MENLO PARK, Calif. (AP) - You don't have to be just male or female on
Facebook anymore. The social media giant has added a customizable
option with about 50 different terms people can use to identify their
gender as well as three preferred pronoun choices: him, her or them.
Facebook said the changes, shared with The Associated Press before
the launch on Thursday, initially cover the company's 159 million
monthly users in the U.S. and are aimed at giving people more choices in
how they describe themselves, such as androgynous, bi-gender, intersex,
gender fluid or transsexual.
"There's going to be a lot of people for whom this is going to mean
nothing, but for the few it does impact, it means the world," said
Facebook software engineer Brielle Harrison, who worked on the project
and is herself undergoing gender transformation, from male to female. On
Thursday, while watchdogging the software for any problems, she said
she was also changing her Facebook identity from Female to TransWoman.

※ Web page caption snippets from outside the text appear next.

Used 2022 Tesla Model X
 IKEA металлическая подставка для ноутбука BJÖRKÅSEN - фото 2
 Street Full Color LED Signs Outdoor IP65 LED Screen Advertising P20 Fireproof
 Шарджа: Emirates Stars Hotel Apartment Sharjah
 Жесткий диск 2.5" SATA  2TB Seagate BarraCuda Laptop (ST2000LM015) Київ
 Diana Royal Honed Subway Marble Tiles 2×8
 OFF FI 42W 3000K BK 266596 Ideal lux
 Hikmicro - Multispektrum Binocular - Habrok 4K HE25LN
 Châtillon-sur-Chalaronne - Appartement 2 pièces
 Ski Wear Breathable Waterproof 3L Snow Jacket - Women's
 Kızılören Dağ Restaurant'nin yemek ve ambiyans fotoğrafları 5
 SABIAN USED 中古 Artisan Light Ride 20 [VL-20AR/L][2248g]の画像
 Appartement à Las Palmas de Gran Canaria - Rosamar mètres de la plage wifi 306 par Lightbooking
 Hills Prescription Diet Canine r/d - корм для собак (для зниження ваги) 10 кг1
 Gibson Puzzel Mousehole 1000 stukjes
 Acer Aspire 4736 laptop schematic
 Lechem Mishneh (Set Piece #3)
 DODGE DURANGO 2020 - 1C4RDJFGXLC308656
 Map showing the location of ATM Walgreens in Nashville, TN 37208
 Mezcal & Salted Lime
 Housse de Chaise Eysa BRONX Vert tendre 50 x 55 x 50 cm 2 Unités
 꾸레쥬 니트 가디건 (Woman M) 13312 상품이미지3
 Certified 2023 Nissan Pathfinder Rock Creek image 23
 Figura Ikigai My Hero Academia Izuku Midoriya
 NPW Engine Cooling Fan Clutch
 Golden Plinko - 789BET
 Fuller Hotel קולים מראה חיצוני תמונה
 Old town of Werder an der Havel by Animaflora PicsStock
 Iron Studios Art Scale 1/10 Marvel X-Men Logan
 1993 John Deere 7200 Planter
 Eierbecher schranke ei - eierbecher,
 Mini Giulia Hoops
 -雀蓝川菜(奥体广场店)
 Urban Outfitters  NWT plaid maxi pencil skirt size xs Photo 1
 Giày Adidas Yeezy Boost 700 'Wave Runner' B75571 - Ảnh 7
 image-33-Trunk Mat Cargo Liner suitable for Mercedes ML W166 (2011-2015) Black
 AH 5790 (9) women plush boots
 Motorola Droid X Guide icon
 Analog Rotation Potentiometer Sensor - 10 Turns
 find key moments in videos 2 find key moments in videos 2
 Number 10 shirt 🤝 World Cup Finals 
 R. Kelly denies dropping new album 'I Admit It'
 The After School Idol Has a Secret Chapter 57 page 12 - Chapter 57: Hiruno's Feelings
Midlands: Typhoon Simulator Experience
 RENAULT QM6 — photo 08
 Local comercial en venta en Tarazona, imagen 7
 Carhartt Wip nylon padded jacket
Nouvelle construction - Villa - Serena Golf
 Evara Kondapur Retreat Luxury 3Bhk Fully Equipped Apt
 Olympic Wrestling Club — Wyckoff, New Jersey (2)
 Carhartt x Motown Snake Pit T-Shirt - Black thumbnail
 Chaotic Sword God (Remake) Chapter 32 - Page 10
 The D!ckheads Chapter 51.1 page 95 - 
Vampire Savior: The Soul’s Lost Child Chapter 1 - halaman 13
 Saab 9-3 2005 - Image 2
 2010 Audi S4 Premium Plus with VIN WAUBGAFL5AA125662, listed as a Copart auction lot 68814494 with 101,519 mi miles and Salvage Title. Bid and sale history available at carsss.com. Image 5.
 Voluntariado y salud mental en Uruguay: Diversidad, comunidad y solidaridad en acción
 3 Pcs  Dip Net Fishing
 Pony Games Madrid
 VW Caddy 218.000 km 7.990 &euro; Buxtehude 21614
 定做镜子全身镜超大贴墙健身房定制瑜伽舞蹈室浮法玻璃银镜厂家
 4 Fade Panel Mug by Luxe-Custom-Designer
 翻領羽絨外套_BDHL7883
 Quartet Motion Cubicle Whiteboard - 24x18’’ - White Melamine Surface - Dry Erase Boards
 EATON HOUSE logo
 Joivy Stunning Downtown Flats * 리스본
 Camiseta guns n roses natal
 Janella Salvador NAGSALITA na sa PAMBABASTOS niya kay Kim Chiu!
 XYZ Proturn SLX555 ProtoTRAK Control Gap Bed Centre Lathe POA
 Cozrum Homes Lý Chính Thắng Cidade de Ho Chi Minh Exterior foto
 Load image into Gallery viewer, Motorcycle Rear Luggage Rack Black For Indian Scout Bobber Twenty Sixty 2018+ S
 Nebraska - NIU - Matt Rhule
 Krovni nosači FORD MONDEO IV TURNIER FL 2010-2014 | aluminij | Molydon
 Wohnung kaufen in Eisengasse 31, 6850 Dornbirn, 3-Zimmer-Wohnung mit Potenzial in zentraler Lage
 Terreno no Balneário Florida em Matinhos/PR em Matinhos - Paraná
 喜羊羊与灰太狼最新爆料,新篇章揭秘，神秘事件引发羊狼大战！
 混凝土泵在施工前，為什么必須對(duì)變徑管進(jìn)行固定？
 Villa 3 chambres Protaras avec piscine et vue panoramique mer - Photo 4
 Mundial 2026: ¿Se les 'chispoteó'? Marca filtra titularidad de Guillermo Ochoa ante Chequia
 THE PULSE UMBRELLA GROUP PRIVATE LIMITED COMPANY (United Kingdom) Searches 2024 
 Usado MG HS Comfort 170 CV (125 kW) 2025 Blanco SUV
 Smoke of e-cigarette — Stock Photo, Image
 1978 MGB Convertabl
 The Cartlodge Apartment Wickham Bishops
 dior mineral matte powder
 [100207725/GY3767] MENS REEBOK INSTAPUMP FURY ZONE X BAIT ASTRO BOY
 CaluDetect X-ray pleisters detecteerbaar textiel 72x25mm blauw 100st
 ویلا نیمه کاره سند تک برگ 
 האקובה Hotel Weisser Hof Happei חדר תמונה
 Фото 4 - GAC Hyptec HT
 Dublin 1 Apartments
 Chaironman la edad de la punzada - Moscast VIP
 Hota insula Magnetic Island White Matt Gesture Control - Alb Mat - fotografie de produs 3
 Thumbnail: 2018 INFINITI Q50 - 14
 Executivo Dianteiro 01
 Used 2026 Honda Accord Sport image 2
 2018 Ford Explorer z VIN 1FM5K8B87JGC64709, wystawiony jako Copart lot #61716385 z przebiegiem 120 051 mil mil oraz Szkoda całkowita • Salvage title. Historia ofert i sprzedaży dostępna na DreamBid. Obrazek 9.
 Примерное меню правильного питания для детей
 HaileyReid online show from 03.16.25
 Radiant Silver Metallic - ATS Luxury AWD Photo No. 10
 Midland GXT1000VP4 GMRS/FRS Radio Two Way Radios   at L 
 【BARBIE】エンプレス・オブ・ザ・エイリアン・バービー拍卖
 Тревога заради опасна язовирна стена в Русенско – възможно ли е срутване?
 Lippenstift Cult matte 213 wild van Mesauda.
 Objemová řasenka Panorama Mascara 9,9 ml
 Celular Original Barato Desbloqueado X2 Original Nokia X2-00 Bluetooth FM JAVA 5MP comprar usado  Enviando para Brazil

"All too often transgender people like myself and other gender
nonconforming people are given this binary option, do you want to be
male or female? What is your gender? And it's kind of disheartening
because none of those let us tell others who we really are," she said.
"This really changes that, and for the first time I get to go to the
site and specify to all the people I know what my gender is."
Facebook, which has 1.23 billion active monthly users around the
world, also allows them to keep their gender identity private and will
continue to do so.
The Williams Institute, a think tank based at the University of
California, Los Angeles, estimates there are at least 700,000
individuals in the U.S. who identify as transgender, an umbrella term
that includes people who live as a gender different from the one
assigned to them at birth.
The change at Facebook drew dozens of appreciative postings on the
company's diversity website, although there were some pointing out the
need to change relationships beyond son and daughter, and asking for
sexual preference options.
The move by Facebook represents a basic and a yet significant form of
recognition of the nation's growing transgender rights movement, which
has been spurred by veteran activists and young people who identify as
transgender at younger ages. The Human Rights Campaign last year found
that 10 percent of the 10,000 lesbian, gay, bisexual transgender youths
it surveyed used "other" or wrote in their own gender terms.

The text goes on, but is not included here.